Un piano por la ruta 5
La casa de té no fue ni un sueño ni una cuenta pendiente, sino el lugar para guardar un piano. En 2016, Cristian Luzza, Rocío Flores y Nina se mudaron. “La tercera aventura es la venida al campo”, dice él que, además de fundar la Orquesta Sinfónica de 9 de Julio, empezó a trabajar en una escuela en la que había un hermoso piano de cola. Cuando decidieron venderlo, él lo quiso comprar. Pero, ¿adónde iba a meter semejante mueble?

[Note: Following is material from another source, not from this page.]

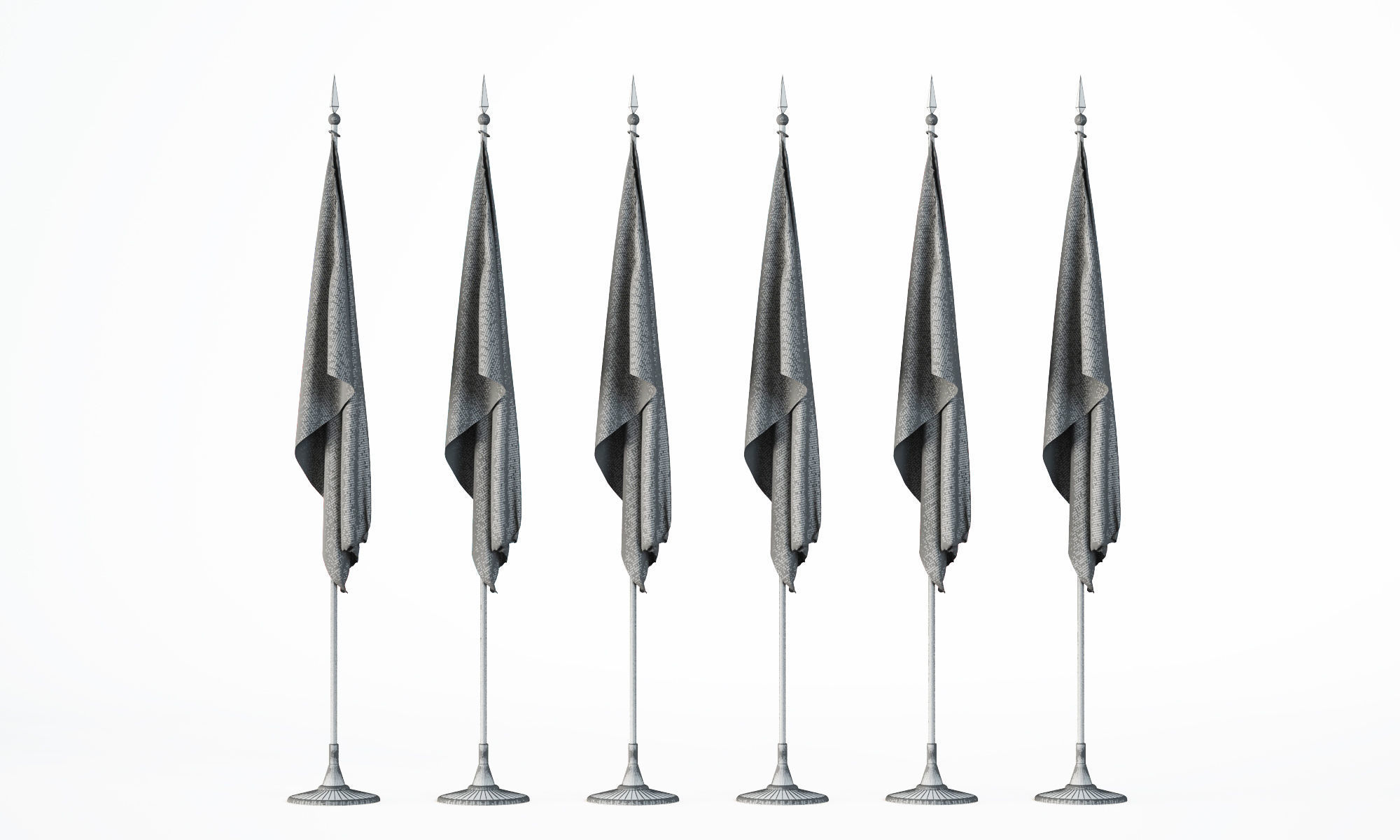 Flags five 3D model_2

Llamó a don Pereyra, el fletero; y a Luisito, Martín, Juan Bautista, Gustavo, Ariel, sus amigos. Subieron el piano en la caja de una F100, a Luisito arriba del piano; el resto fue en diferentes autos. Salieron en procesión, por la RN 5, desde 9 de Julio hasta llegar al pueblo. Bajaron el piano entre todos y lo metieron en el quincho. Un año después el quincho se convirtió en casa de té.
Y al séptimo día…
El domingo 4 de abril de 2021 abrió Dennehy casa de té. Decenas de teteras de porcelana y tacitas, una biblioteca con libros y partituras, un altar que cuelga del techo en honor a su abuela, una gran salamandra y el piano, único causante de esta maravilla: una casita musical rodeada de intemperie. Llegan hasta ahí de todas partes, a tomar el té con delicias dulces, y escuchar tango, lírica, ópera, folklore. Eso sí: sólo domingos. También hay noches de milonga y noches de jazz. La vida para Cristian cambió: de la ciudad al campo, de estar solo a compartirla con Rocío, con Nina. Pero en realidad, ¿cuánto cambió la vida? Probablemente para él, comenzar una aventura nueva, no sea más que la continuación del mismo y único viaje.
Dennehy Casa de té. A 25 km de 9 de julio. Sólo abre los domingos. Servicio de té $1200 por persona. Un viernes de jazz y un sábado de milonga, al mes. Se anuncia por IG.